Note every line in the entries that contains the string "started", and copy it.

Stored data
* * *

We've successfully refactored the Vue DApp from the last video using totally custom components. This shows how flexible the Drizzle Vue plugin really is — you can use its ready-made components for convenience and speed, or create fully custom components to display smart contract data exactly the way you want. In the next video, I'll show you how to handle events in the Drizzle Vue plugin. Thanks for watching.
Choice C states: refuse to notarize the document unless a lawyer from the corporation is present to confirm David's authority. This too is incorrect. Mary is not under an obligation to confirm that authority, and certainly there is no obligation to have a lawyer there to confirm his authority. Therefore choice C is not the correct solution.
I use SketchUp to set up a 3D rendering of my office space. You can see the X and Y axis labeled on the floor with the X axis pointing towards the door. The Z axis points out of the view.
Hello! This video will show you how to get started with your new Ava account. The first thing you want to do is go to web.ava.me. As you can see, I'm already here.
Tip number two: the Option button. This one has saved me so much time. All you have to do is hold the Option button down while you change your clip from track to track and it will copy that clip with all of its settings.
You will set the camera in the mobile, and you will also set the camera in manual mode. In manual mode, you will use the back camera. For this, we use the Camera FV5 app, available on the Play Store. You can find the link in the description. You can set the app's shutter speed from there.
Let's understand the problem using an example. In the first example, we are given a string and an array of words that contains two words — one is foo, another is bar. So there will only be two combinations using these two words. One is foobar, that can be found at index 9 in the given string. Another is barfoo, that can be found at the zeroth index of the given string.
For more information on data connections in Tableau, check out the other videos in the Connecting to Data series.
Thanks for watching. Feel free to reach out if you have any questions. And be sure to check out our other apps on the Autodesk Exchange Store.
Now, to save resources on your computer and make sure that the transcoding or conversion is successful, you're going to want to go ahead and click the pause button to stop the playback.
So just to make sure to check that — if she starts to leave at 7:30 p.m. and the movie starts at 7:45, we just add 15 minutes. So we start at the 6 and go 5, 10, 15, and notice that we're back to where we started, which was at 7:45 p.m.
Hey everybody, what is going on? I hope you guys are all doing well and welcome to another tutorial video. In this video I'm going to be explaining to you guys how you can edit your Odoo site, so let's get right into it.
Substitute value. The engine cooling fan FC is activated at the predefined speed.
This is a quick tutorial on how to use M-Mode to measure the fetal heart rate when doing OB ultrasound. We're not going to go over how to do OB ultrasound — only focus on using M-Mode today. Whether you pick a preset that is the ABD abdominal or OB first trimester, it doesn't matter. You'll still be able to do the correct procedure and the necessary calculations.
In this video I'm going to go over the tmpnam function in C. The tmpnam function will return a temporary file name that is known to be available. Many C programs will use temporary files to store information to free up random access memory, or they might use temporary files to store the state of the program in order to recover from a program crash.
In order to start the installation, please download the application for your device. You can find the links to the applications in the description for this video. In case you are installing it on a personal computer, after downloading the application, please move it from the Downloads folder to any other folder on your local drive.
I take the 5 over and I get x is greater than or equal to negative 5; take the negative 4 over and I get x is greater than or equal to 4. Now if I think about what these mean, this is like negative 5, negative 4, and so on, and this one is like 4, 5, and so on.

* * *

__ANSWER FOR THIS EXERCISE__:
Hello! This video will show you how to get started with your new Ava account. The first thing you want to do is go to web.ava.me. As you can see, I'm already here.
So just to make sure to check that — if she starts to leave at 7:30 p.m. and the movie starts at 7:45, we just add 15 minutes. So we start at the 6 and go 5, 10, 15, and notice that we're back to where we started, which was at 7:45 p.m.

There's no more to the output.